▶ [AIM OF THE EXERCISE]: In the material below, find the line that contains "Schwarz Sexy Damen" and the line that contains "Fruiticana (Calgary) Flyer April 10 to 16", then write out exactly those two lines and everything between them.

▶ [INPUT DATA]:

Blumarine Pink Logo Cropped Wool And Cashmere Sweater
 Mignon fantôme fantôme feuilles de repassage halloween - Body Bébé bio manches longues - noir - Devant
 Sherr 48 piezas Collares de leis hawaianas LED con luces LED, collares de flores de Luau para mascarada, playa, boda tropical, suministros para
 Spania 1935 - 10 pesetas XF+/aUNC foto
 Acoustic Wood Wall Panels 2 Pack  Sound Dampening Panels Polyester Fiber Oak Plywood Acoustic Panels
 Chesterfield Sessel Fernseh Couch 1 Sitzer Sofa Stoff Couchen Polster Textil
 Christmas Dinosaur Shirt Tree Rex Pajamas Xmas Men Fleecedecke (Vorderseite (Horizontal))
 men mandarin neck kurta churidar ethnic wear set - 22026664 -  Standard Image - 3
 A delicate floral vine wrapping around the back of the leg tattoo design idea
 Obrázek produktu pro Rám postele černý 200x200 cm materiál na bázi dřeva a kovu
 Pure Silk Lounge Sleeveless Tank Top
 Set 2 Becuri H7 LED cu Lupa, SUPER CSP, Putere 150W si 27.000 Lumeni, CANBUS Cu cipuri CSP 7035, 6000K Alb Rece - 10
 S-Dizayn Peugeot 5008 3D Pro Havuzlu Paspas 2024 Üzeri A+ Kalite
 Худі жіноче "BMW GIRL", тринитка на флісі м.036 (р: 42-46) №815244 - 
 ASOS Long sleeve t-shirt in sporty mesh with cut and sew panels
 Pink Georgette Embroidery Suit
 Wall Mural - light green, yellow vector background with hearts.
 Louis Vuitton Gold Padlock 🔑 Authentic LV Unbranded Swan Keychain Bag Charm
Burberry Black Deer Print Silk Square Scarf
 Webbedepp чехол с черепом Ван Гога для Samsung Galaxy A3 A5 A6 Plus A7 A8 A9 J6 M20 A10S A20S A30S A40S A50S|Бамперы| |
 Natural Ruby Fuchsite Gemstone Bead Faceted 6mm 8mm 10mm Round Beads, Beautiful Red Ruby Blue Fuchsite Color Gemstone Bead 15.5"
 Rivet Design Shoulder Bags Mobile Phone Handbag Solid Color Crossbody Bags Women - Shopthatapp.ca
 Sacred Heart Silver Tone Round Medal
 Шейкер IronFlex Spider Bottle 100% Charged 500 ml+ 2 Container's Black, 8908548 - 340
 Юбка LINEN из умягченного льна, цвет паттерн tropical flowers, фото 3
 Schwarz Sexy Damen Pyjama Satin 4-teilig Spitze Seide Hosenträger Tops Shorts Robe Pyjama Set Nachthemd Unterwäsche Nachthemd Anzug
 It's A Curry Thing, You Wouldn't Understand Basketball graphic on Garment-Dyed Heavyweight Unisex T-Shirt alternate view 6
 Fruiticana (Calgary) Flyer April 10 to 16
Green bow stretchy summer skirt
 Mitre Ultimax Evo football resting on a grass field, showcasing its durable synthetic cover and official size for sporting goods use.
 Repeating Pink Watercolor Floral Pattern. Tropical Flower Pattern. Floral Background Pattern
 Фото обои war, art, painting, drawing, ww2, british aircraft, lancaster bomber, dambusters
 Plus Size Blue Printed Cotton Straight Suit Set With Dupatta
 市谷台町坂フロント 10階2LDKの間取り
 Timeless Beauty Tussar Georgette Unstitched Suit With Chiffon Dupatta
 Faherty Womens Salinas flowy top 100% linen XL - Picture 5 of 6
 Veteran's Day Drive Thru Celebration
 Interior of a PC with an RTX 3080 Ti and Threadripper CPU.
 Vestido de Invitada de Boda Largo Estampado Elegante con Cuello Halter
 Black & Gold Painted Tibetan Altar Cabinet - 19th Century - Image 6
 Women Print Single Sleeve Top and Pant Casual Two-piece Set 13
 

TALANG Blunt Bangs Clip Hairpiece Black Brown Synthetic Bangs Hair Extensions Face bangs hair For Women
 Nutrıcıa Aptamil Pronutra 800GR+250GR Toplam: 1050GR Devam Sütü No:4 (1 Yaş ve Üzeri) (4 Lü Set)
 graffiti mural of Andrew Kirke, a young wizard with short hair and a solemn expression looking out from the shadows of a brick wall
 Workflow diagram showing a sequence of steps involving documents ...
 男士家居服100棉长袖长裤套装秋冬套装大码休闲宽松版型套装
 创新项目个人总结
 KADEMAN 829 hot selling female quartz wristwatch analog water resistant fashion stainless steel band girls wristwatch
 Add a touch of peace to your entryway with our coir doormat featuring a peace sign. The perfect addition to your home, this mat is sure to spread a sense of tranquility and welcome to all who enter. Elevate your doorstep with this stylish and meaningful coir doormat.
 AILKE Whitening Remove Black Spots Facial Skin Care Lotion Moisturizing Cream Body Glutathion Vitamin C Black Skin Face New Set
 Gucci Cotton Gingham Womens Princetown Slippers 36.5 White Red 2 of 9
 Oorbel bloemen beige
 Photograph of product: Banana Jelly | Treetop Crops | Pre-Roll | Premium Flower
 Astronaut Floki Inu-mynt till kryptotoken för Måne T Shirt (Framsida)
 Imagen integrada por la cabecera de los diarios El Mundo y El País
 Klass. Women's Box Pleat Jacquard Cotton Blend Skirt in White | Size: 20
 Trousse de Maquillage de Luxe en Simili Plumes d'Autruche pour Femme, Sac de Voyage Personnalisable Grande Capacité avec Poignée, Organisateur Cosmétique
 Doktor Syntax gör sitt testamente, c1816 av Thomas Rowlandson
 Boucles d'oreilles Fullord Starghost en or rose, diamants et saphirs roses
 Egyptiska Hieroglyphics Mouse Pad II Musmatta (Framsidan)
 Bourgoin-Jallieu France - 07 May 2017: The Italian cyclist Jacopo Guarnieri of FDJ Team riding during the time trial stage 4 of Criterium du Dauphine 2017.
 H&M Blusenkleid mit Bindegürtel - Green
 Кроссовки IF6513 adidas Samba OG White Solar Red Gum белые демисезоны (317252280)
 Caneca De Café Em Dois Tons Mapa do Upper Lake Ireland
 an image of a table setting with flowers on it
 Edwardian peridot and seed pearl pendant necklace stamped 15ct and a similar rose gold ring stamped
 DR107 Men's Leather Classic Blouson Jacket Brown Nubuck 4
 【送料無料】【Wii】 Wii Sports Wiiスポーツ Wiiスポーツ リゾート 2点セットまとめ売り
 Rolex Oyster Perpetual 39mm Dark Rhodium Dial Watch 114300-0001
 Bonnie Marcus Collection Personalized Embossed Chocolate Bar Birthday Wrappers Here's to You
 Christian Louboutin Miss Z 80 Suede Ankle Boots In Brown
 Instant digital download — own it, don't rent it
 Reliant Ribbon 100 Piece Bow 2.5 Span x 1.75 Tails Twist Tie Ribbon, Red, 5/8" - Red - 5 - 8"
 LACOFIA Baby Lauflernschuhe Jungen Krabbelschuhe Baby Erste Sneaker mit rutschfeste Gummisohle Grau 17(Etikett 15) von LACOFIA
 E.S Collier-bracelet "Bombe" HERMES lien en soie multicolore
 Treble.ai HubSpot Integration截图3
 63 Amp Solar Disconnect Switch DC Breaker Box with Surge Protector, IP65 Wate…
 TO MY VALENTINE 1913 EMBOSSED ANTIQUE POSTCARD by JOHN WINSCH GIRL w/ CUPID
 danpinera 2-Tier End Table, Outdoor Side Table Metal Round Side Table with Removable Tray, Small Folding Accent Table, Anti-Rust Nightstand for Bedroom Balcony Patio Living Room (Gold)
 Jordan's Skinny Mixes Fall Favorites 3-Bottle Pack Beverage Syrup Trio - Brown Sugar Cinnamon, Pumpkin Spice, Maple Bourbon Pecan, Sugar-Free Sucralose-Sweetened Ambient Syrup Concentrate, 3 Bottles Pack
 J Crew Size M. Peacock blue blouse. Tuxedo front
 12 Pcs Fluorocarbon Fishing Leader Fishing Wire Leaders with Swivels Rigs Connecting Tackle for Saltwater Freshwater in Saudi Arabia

▶ [ANSWER TO THE PROBLEM]:
 Schwarz Sexy Damen Pyjama Satin 4-teilig Spitze Seide Hosenträger Tops Shorts Robe Pyjama Set Nachthemd Unterwäsche Nachthemd Anzug
 It's A Curry Thing, You Wouldn't Understand Basketball graphic on Garment-Dyed Heavyweight Unisex T-Shirt alternate view 6
 Fruiticana (Calgary) Flyer April 10 to 16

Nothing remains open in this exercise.